Quando encontro meu padrasto, o que nos une é (notem a ironia da coisa!) exatamente aquilo que nos afastava: o humor débil, ingênuo, paspalhão. Contar piadas nos distrai. Fazer graça de tudo (dos filmes que passam na tevê, das notícias narradas pelos jornais, nas trapalhadas dos nossos cachorros) nos aproxima de tal forma que começo a acreditar numa inversão de papéis que me parece bizarra: eu, o palhaço, virei exemplo para meu padrasto, o homem seríssimo.

Admito que, num primeiro momento, minha reação diante dessa nova mise-en-scene foi de total desconforto. Quando alguém repara que eu sou capaz de rir das minhas próprias piadas, fico envergonhado e peço desculpas. “Perdão, não consigo evitar.” Ver meu padrasto sorrindo com meu besteirol raquítico me deixa encabulado – mas, em segredo, também orgulhoso. É como se eu tivesse recuperado o narcisismo infantil que invadia a minha alma quando as minhas tias batiam palmas todas as vezes em que eu poluía a sala de estar e, logo depois, gritava babacamente: “Minha mão não está amarela!”
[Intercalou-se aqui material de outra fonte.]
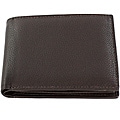 Fiza Brown Leather Bi-fold Wallet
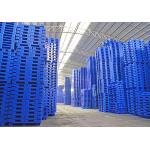Hdpe 9 Feet Nestable Plastic Pallet 4 Way Entry Single Face
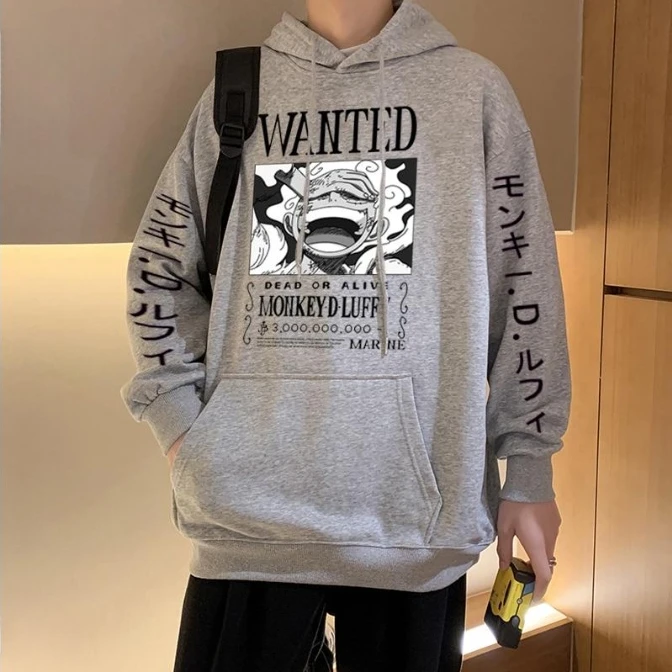 

Unisex Anime One Piece LargePrint Hoodies Man Sweatshirt Women's Long Sleeve Autumn Sweater Tops Y2k Men's Clothing Streetwear
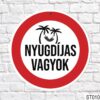 Sebességkorlátozó tábla 40 cm – Nyugdíjas vagyok tábla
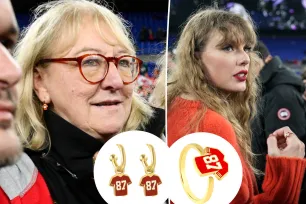 Taylor Swift and Donna Kelce were stealthily matching at Chiefs playoff game: ‘A really sweet moment’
Com meu padrasto, eu volto a ser o rei da comédia. Um reizinho, vá lá. Um papel que aceito integralmente já que, nesse caso, é quase tudo o que posso oferecer a ele. A doença terrível nos deixa fracos, tensos, sem norte, sem chão, atados uns nos outros à espera de um futuro vazio. As esperanças existem, mas são traiçoeiras – preferimos não nos apegar a elas.

Daí que as risadas nos ajudam, estão na nossa torcida. A casa fica cheia quando gargalhamos. Sofremos com as luzes apagadas e sorrimos quando elas estão acesas. São os holofotes do palco. Até revezamos: eu sou o ator e meu padrasto está na plateia; meu padrasto é o ator e eu estou na plateia.

A risada do meu padrasto – e eu ainda não a conhecia! – hoje é meu ganha-pão e meu modelo. É meu remédio. O homem sorri de um jeito meio patético, engasgando, com os olhos fechados e os ombros girando freneticamente. É uma reação sem maldade ou culpa. Um riso sem destino, sem futuro, sem cobranças, arregaçado, soltinho na atmosfera.

É bonito de ver. E são nesses momentos ainda tão estranhos que eu – um homem nada engraçado – faço força para não chorar.